We had big dreams and great plans for the future of the endeavour but it eventually collapsed due to a number of reasons including ego, priorities, dreams, etc. What I have learned over the last two years is that working well with someone does not imply that you would get along with them purely on a personal basis. In the poetry scene, this is a difficult thing to understand because we are all chasing dreams and, therefore, our total interaction is on the basis of poetry - we start thinking we are friends because we spend so much time together and have so much to talk about.
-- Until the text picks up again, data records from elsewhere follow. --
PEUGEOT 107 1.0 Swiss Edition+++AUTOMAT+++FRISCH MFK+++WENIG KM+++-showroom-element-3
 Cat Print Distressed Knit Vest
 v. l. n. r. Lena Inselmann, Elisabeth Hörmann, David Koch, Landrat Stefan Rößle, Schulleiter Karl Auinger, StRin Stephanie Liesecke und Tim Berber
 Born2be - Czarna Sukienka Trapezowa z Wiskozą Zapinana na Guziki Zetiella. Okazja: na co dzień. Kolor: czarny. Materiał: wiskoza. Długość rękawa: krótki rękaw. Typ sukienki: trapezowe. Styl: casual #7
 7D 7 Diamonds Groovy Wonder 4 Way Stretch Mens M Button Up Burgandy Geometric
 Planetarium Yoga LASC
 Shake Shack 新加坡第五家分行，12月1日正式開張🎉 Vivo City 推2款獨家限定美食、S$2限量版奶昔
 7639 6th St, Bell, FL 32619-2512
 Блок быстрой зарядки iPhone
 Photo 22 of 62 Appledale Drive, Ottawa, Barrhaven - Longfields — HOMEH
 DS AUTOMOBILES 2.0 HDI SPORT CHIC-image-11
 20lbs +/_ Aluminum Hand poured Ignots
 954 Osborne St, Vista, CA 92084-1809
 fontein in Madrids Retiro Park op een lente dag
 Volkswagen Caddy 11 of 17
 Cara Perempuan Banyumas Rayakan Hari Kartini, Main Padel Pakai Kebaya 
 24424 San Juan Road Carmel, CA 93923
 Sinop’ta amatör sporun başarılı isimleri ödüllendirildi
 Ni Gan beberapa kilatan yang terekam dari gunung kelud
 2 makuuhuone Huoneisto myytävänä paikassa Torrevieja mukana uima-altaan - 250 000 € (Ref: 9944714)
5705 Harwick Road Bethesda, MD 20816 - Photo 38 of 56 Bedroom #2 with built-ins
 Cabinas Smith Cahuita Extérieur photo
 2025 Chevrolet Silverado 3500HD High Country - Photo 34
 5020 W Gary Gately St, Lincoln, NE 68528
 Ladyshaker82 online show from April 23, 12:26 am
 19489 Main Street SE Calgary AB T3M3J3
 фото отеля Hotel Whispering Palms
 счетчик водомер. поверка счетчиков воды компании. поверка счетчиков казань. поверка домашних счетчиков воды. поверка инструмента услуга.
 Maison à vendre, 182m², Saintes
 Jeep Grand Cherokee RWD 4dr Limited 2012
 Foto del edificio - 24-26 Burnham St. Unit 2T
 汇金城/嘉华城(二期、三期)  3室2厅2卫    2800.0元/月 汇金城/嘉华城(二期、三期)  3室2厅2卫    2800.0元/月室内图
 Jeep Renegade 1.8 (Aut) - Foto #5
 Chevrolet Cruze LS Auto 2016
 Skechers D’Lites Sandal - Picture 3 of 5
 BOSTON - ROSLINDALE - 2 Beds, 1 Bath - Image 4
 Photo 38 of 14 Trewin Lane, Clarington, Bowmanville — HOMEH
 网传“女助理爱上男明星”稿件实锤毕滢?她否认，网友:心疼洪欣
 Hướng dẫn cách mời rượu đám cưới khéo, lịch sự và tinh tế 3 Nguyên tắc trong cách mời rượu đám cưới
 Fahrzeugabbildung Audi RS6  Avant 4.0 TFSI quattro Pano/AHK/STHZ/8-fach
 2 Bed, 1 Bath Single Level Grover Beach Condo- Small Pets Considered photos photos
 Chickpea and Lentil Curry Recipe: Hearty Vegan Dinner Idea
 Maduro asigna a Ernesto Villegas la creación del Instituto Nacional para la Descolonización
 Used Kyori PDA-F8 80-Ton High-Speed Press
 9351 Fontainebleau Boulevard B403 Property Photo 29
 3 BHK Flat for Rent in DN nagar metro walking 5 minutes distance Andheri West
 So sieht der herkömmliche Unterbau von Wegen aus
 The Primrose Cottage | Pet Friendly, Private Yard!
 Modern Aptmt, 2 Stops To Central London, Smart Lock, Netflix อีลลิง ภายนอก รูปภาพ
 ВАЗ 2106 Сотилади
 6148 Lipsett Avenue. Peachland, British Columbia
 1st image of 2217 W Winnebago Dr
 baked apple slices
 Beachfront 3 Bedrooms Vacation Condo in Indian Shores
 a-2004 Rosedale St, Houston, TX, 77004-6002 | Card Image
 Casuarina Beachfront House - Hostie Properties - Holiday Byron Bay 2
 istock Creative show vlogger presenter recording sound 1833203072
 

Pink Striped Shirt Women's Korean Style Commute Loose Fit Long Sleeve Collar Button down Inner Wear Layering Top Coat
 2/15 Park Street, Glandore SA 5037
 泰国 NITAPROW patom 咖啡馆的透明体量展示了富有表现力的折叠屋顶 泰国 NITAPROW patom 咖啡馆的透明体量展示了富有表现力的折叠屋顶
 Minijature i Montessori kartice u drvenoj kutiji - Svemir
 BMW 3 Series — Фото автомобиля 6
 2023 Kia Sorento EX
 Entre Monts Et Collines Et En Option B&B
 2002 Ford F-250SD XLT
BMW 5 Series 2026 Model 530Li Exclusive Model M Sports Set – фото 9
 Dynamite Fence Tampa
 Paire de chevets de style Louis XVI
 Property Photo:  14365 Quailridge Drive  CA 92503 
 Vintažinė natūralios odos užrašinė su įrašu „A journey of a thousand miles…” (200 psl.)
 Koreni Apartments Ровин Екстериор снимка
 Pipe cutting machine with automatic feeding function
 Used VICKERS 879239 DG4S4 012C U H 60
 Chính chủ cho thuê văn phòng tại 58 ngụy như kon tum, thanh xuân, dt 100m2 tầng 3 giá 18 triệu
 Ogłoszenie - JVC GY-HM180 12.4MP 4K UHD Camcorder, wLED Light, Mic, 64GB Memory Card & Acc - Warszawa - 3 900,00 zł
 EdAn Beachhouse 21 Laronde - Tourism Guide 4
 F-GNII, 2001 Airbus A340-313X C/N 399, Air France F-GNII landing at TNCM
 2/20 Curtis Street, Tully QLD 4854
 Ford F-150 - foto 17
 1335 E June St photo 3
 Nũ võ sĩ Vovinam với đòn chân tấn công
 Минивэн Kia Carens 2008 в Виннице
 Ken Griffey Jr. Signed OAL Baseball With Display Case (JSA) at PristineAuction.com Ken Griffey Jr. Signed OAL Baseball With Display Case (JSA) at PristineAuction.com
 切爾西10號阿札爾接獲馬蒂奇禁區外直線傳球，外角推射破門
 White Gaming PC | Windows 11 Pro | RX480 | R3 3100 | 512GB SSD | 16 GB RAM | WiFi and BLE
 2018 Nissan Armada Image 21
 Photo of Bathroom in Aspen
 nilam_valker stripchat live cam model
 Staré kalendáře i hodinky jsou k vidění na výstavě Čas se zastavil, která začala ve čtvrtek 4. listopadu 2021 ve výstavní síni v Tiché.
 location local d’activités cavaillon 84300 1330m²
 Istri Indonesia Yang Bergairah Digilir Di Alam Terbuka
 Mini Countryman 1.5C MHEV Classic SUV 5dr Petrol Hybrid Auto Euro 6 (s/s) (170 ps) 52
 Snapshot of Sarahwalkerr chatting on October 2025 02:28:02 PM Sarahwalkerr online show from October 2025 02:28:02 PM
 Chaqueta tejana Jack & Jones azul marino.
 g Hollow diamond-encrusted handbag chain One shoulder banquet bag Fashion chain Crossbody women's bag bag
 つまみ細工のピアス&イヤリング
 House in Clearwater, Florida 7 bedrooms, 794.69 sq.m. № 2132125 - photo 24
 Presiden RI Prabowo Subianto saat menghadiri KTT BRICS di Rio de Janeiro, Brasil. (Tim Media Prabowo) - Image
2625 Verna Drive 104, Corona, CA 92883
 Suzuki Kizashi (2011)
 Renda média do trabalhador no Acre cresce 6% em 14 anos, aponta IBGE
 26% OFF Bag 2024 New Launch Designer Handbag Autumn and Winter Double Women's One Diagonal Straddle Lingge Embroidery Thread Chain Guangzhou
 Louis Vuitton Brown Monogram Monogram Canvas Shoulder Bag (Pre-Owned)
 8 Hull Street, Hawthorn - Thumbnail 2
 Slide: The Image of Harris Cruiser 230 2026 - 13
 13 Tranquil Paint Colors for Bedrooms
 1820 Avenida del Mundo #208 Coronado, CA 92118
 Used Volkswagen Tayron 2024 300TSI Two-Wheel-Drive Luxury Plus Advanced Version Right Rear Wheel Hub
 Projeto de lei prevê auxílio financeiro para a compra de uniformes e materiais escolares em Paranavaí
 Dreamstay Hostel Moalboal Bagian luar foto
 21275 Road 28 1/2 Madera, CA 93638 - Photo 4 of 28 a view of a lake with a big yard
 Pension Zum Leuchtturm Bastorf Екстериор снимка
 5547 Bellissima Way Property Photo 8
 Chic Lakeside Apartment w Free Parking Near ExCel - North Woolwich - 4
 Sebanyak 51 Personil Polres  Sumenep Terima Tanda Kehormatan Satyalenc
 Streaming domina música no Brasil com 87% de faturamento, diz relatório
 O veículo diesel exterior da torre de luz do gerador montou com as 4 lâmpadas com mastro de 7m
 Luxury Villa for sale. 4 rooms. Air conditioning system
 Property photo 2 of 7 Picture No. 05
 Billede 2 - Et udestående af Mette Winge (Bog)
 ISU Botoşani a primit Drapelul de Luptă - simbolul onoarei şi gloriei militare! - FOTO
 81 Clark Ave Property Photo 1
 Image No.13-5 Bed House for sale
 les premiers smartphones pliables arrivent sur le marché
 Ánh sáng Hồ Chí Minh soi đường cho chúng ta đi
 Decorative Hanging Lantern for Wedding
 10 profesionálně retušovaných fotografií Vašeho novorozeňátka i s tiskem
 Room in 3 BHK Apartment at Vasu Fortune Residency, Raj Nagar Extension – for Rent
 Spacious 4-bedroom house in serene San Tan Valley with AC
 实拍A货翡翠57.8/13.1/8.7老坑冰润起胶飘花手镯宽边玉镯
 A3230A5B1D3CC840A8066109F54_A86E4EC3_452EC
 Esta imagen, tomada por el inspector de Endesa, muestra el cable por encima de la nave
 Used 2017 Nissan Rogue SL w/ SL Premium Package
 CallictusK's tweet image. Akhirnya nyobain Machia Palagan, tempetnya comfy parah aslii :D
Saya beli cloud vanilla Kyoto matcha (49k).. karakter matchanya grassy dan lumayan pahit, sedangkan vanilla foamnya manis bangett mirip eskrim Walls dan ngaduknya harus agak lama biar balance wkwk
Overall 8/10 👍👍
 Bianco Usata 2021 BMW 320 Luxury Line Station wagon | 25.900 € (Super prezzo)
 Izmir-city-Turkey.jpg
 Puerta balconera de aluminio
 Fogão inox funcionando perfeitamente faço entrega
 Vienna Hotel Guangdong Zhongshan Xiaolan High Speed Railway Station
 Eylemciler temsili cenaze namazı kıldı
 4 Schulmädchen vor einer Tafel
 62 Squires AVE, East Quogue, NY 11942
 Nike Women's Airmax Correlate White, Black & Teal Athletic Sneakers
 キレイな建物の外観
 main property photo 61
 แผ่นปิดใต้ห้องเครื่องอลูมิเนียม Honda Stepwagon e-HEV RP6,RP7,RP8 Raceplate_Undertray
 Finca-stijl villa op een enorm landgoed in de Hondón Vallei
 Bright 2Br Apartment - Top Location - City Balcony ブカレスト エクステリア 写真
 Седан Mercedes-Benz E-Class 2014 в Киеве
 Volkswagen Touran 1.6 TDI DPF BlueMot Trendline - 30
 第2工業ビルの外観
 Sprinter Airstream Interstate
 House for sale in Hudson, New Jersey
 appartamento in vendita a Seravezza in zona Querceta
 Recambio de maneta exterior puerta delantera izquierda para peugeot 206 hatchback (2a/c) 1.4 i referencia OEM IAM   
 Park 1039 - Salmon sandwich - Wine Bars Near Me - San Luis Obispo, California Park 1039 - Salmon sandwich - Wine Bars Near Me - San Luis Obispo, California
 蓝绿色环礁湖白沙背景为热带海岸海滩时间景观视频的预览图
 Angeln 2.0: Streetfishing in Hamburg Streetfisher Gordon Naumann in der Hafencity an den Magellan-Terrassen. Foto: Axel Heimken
Anyway, Seven never made it past its opening night and, for a long time, I haven't even looked at the stuff I wrote for it - the deal was that everything written for the production was purely for the production and couldn't be shared outside of that context. Somehow I have continued to adhere to that policy despite the fact that the arrangement does not exist anymore.

So .... to get beyond all of that, I'm going to put something from the show.... the 'title' poem - the streets have lips. oh, every poem was written according to a particular 'theme' or emotion and each poem featured stanzas from between 3 and 7 poets. The streets have lips featured all of us:

they read our destiny
from the cracks
beneath the soles of our feet
and we bleed

they whisper truths
in the swirling dust
and we close our eyes
blinded by unrelentless truth

they cringe at every crooked step
every misguided stumble,
and we weep

when slapped on both cheeks
we trip over our foolishness
hoping that our next step
shall reveal the eternal blind spot
and bring clarity

the streets lie inanimate
victim to our constant blundering
waiting for the day
they shall be heard
and the future shall be determined
without the blood, without the sweat
without the tears
that drench them daily

they are one with our footsteps
these crooked paths, these highways, these byways
and tomorrow they shall still be there
leading us, guiding us, coaxing us
till that one day when
we shall travel free of the hate and pain

until then
the streets shall always whisper:


the streets have lips .....
the streets have lips .....
the streets have lips .....
the streets have lips .....

It was an awesome experience while it lasted and taught me a great deal about collaborative work, some good, some bad. Who knows... maybe someday when we are old and grey, we will dust off the manuscript and do it one more time, just for the hell of it - no better reason to do something.